Phoenix households earn a slightly higher median income ($90,133 vs. $84,685 in Nashville), but Phoenix's cost of living index of 107 — versus Nashville's near-parity reading of 99 — partially offsets that income advantage. On a purchasing-power-adjusted basis, Nashville buyers may have marginally more headroom despite the lower nominal income figure. Tennessee's complete absence of a state income tax is a structural draw that Arizona's flat 2.5% rate cannot fully match, particularly for high earners relocating from California, New York, or Illinois. Property tax rates favor Phoenix at roughly 0.62% of assessed value versus Nashville's effective rate of approximately 0.73% of market value, which at a $529,000 purchase price translates to roughly $3,860/year in Nashville versus about $3,080/year in Phoenix on a comparable home — a $780 annual difference that compounds over time. Population growth tells a divergent story: Nashville grew an estimated 13% from 2019 to 2023 (2.1M residents) while Phoenix — already a much larger metro at 5.19M — grew 7.1% over roughly the same window, reflecting a maturing but still-growing market.

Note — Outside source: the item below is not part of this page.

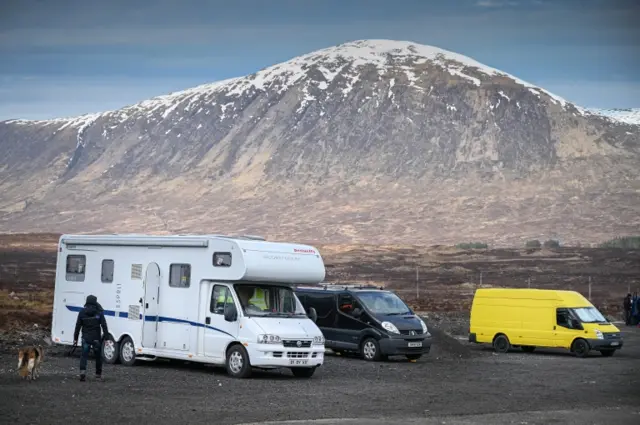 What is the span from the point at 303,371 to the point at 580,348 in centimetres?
1023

**Trade-offs at a Glance**

Nashville buyers face a higher median price ($529,000), tighter inventory (1.9 months), and a stretched price-to-income ratio that is pushing first-time buyers to outer counties like Wilson and Rutherford. Phoenix buyers encounter more active listings, a steeper recent price decline (-4.4% YoY), and elevated new construction supply across the East and West Valley that will likely limit near-term appreciation. Phoenix's 300 sunny days versus Nashville's 204 — offset by a mean July high of 106°F compared to Nashville's 91°F — represent a real quality-of-life variable for relocating families. Both metros are car-dependent (Walk Scores of 41 and 28, respectively) with nearly identical average commute times of 27–28 minutes. Nashville's employer base skews toward healthcare, corporate HQ functions, and tourism; Phoenix anchors on semiconductor manufacturing (Intel, TSMC), financial services back-offices, and the broader logistics sector — each offering durable but sector-specific economic risk profiles.